Microsoft bolsters Azure cloud’s computer vision and search capabilities
Artificial intelligence has emerged as a key competitive focus in the cloud market. Microsoft Corp.’s latest update to its Azure platform aims to up the ante on this front against rival providers.
The company on Thursday launched a public preview of Custom Vision, a service that lets developers train models for processing specific kinds of images. An e-commerce firm, for instance, could use media content from its online storefront to develop an AI that can automatically tag product photos with appropriate category labels.
Training models with sample data that closely matches the information they’ll process in the field can enable better accuracy than what pretrained computer vision services offer. A similar benefit is offered by AutoML Vision, an AI development tool that Google LLC rolled out for its public cloud in January. The search giant over time plans to extend its training features to other use cases besides object recognition.

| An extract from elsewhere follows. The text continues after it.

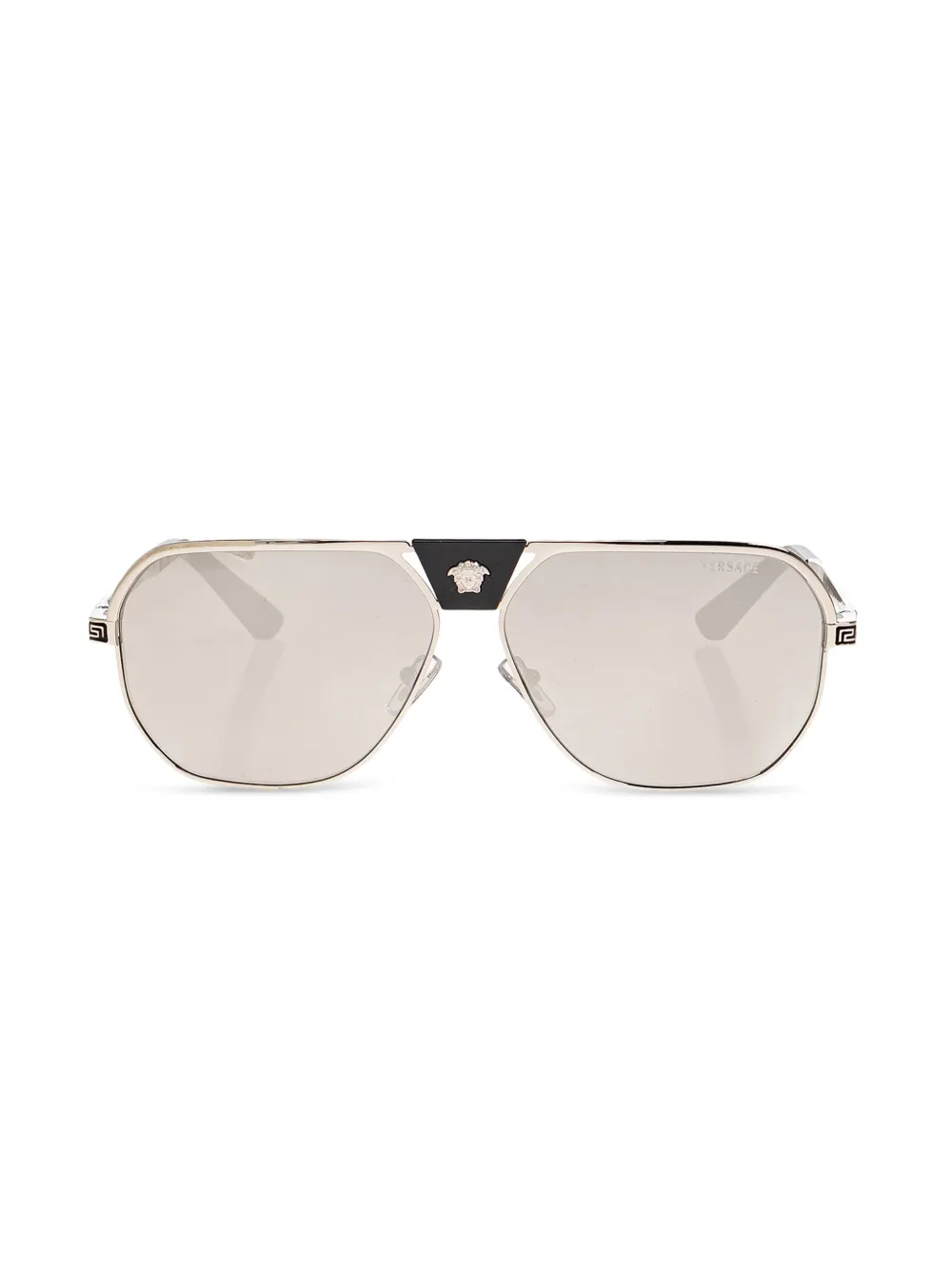 Versace 2294 Sunglasses - 0VE2294 Silver - 0VE2295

Microsoft is targeting a broad range of applications as well. Alongside Custom Vision, the company released its Face API service for face and emotion detection into general availability with a number of improvements.

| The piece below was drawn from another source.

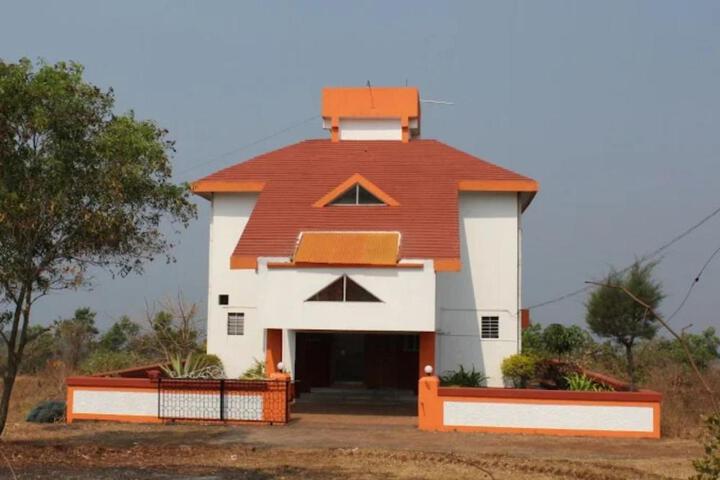 Holiday Moods Villa Ganpatipule Maharashtra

The biggest is a scalability boost that enables the service to recognize up to a million different individuals within images. This should come handy for organizations that use Face API on a large scale. A media company, as an example, might wish to organize archived photos based on who appears in them so that they can be easily discovered further down the road.
Completing the rollout is the launch of Bing Entity Search. It lets developers harness Microsoft’s search engine to help users find needed information within their applications.
The update comes hot on the heels of the company introducing a set of new cloud offerings geared toward the healthcare sector. The main highlight is Microsoft Genomics, a managed platform designed to support large-scale clinical research projects. Healthcare researchers use genomic data to understand out how different patients are likely to react to medicine and identify the best treatment options.